What's the point of having friends when the whole point of private fields is to ensure that you don't break other parts when changing those?

[–] NightAuthor@lemmy.world 15 points 8 months ago (1 children)

It’s just another option, don’t gotta use it. Maybe you find yourself needing something like this, and the only other choice is making it public. At least with friend classes, you know which classes are friends so you can go look for any dependencies

[–] lowleveldata@programming.dev 4 points 8 months ago (1 children)

It’s just another option, don’t gotta use it

It's not a choice of mine when I'm trying to read through / modify some legacy code base

[–] owen@lemmy.ca 7 points 8 months ago

Meh, that already comes with infinite problems, so what's one more?

[–] CodexArcanum@lemmy.world 9 points 8 months ago

There's infinite ways to organize code. In C# or Rust where this isn't an option, you might use nested classes or traits hidden behind a module/namespace.
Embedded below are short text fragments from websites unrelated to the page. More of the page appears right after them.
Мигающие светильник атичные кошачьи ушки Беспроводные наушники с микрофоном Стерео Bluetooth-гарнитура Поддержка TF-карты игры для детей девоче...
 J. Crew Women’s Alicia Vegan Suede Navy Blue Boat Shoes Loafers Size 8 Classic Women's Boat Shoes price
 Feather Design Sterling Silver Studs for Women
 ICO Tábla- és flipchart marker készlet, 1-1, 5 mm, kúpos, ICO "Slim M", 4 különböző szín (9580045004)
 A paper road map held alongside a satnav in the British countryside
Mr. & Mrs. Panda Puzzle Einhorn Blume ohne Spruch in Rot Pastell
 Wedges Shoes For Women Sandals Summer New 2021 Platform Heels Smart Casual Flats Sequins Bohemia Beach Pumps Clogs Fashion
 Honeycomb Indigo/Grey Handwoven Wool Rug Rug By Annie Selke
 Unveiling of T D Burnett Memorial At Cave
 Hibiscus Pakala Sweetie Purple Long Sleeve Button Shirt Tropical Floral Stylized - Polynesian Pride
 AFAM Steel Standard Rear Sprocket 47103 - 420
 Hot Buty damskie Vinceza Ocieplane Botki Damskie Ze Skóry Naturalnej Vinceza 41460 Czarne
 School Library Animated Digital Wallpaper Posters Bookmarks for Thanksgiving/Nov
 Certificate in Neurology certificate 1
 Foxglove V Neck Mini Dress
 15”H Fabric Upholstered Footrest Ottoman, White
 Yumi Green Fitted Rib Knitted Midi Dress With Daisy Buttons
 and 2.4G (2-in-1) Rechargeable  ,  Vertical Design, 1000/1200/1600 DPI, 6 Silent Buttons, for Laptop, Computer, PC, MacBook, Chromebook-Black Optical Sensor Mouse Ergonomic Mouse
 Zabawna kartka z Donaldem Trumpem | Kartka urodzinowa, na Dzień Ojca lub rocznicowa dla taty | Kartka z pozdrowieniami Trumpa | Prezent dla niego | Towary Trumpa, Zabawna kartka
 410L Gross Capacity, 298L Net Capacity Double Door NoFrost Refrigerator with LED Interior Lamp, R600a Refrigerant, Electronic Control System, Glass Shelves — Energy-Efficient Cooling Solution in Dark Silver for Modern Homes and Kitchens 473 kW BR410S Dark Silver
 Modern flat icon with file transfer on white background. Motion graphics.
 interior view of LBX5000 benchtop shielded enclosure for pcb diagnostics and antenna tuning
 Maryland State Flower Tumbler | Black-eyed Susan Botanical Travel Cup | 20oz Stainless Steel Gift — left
Good use cases are data structures with associated helper classes. For example, a collection/tree and an iterator/tree-walker for working with elements of the collection. Or for something like a smart memory allocator (an arena or slab allocator), you might use a friend-class to wrap elements returned from the allocator, representing their connection back to it (for freeing up when done or to manage the allocation structure in ie a heap or sorted tree).